We wanted to use the language of cinema more so than the language of a game or a puzzle

But then more attacks take place, and I decide my wrath must be consistent, so into the void goes another. In short order, the planetoid is deserted. Crestfallen, I start again, this time learning how to create a flower, which the agents like. There is less fighting. But the heavy flower causes the planetoid to turn. Agents fall off trying to reach Eden. Clearly, I need more practice at this God thing.

“Human beings when they enter a new environment, especially when it’s a digital one, they want to try things, they want to interact,” says Gagliano. “And most people aren’t afraid to mess it up. So we’re kind of leaning into that behaviour.”

David Oppenheim is a producer at the National Film Board, whose recent credits include the Venice-bound Book of Distance – more on that in a moment – and Draw Me Close , a performance that combines virtual reality and live theatre, and which was to open at Soulpepper in Toronto until the pandemic forced the suspension of the season. (As the title suggests, Draw Me Close was especially problematic.)

“We didn’t want it to feel like a game right off the bat,” Oppenheim says of Agence . Among other things, there’s no tutorial. “We wanted it to feel like you’re in the midst of a story. We wanted to use the language of cinema more so than the language of a game or a puzzle. But the agency you’re given is not typical of a film. We’re sort of merging those worlds.”

They also wanted to use artificial intelligence within the program. So the agents have been trained by their designers through reinforcement learning, meaning each possesses a tiny, individual neural network that drives its behaviour.

“It’s hard to predict what they’ll do even though we made them,” says Gagliano. “I’m convinced that two of them are in love.” Move one of the couple, he says, and the other inevitably finds its way back to its mate.
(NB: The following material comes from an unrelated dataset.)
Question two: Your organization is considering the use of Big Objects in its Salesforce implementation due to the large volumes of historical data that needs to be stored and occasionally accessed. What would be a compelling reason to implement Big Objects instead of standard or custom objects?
Agence is one of three VR works from the NFB travelling to the Venice festival this year. Another is The Hangman at Home , by Michelle and Uri Kranot, and based on the poem by Carl Sandberg. The third is Randall Okita’s The Book of Distance , which tells the story of its creator’s grandfather Yonezo Okita, who moved to from Hiroshima to Canada in 1935 and was incarcerated in an internment camp during the Second World War.
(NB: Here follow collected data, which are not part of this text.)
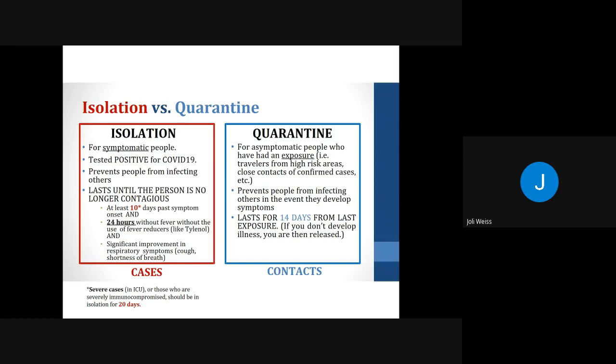Quarantine is for those individuals who are asymptomatic but have had an exposure to a confirmed COVID case — for example, if you've traveled to a high-risk area or had close contact with a confirmed case. This prevents people from infecting others in the event that they do develop symptoms. The quarantine lasts for 14 days from their last date of exposure. If you don't develop an illness, you can be released from quarantine. Since many people do not develop any symptoms at all, this quarantine period is very important to prevent the spread.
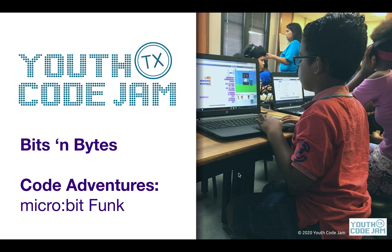Hello and welcome to Youth Code Jam's Online Bits and Bytes Lessons. Today we will be continuing with our unit in Microsoft's MakeCode Microbit Editor.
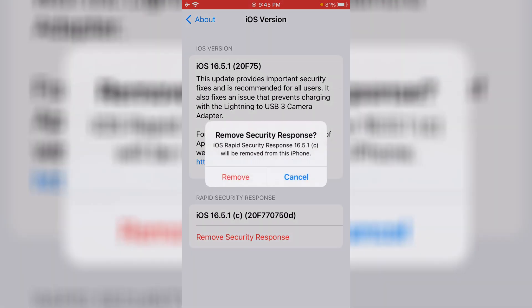By using this option you can completely uninstall this RSR and the rapid security response from your iOS platform.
I had a chance to explore The Book of Distance , and the experience was about as un-God-like as imaginable. Though it doesn’t directly place you in the shoes of the Japanese who were imprisoned by the government of Canada, you witness the dehumanizing aspect of the treatment. In one scene, you are invited to pack Yonezo’s suitcase for the trip to Canada. Later, you pack for the camps, but a radio and camera have been declared contraband and must be left behind.

It’s an effecting experience, and as usual VR serves to close the emotional distance between viewer and story, by seeming to place one physically inside the tale. Shrugging off the headset, I was also biting back tears.

What’s more, thanks to the pandemic – not a phrase you’ll hear often – the festival has made its VR offerings available online through Viveport, and at several satellite locations including the PHI Centre in Montreal, for the duration of the fest, which runs Sept. 2 through Sept. 12. Agence is also being released in several weeks in both a VR and non-VR version, including a mobile app.